● Problem
Show every line from the data below that includes "Free".
** Records for processing follows **
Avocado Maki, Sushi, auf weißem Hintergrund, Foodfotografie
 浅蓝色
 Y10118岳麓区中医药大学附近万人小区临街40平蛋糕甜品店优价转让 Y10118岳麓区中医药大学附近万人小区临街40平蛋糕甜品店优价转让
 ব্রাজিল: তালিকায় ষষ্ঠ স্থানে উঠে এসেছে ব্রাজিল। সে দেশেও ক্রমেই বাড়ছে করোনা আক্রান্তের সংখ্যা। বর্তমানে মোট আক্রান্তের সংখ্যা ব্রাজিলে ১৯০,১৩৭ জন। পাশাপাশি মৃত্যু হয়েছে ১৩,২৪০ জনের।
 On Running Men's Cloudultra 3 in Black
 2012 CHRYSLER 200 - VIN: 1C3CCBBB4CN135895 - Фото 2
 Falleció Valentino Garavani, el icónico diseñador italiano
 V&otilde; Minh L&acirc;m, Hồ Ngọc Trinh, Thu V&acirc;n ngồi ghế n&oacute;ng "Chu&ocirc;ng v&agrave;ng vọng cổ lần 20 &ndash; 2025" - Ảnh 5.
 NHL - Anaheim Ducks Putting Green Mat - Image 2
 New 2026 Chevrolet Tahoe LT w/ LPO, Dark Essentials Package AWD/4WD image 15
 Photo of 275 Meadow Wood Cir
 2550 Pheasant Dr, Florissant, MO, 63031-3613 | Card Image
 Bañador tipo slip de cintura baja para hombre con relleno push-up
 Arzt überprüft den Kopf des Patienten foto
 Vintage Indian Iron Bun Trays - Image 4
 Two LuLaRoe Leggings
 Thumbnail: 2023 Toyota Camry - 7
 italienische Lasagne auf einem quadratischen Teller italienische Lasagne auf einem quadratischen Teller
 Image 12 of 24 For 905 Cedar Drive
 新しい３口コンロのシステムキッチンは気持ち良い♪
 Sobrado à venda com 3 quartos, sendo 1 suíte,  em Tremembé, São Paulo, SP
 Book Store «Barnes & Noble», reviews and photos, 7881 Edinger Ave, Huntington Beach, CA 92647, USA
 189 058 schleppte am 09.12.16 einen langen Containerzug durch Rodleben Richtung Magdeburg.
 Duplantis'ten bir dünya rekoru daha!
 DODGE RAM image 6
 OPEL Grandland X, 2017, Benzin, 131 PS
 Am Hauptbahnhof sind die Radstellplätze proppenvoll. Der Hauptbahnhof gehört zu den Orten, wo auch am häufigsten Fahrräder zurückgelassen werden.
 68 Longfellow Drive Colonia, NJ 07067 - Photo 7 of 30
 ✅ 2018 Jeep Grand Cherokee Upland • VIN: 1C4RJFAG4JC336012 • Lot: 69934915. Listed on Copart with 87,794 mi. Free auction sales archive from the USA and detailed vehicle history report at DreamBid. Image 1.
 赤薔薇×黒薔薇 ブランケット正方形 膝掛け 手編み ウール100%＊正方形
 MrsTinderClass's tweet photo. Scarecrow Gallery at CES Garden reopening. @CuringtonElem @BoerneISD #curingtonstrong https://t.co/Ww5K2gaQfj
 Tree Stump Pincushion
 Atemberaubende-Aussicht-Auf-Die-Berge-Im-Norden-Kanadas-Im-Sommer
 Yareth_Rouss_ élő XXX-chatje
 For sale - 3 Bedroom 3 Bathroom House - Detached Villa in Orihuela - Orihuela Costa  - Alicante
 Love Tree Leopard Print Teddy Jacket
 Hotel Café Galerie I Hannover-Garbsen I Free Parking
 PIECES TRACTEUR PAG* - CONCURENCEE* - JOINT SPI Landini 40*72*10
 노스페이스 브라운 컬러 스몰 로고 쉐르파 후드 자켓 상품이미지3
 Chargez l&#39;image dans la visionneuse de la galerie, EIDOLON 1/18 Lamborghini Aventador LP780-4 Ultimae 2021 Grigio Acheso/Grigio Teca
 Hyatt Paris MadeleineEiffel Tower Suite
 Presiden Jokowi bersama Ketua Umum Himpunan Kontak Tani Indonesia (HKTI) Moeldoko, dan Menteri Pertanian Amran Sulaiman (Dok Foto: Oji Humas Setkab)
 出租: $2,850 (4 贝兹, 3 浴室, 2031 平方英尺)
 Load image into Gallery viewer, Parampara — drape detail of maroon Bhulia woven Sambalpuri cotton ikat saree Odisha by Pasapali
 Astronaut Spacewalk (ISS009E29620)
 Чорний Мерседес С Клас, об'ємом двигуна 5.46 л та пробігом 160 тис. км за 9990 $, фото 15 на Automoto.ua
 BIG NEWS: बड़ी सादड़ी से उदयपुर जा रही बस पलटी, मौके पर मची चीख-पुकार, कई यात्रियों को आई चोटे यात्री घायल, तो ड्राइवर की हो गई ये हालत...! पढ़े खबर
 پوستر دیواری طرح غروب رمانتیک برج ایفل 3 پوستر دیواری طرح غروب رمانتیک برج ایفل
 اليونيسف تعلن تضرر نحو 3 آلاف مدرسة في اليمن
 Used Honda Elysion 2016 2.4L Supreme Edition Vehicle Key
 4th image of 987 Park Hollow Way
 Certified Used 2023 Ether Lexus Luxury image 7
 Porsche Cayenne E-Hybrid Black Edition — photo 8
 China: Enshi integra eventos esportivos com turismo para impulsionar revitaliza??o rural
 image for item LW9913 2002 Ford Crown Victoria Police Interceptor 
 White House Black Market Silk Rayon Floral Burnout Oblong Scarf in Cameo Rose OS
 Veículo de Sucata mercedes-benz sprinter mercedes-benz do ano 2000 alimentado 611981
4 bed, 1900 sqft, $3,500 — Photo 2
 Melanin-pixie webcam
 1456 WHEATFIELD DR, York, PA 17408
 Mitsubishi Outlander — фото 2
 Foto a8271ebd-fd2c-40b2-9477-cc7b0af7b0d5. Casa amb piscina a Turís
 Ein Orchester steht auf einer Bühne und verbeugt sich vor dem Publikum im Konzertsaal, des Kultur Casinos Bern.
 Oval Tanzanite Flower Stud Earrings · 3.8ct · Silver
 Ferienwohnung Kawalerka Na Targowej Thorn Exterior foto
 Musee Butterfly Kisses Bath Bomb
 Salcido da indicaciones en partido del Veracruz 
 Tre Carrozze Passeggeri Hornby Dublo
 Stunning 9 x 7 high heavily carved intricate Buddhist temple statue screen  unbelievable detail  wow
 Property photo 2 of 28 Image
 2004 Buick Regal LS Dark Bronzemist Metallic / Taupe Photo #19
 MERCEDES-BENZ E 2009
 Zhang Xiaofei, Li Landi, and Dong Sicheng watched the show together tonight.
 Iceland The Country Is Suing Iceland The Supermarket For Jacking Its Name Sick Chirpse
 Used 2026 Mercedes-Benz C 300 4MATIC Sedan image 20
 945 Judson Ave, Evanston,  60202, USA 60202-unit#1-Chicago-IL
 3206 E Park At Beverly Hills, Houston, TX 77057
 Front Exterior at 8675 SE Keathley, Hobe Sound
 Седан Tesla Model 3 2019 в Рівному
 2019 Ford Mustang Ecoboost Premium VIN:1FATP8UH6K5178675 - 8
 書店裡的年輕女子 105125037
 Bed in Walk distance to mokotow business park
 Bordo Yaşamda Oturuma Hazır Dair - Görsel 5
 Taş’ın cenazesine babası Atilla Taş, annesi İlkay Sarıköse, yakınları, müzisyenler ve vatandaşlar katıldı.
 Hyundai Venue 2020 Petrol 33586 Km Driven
** End of Records for processing **
● Written response
 ✅ 2018 Jeep Grand Cherokee Upland • VIN: 1C4RJFAG4JC336012 • Lot: 69934915. Listed on Copart with 87,794 mi. Free auction sales archive from the USA and detailed vehicle history report at DreamBid. Image 1.
 Hotel Café Galerie I Hannover-Garbsen I Free Parking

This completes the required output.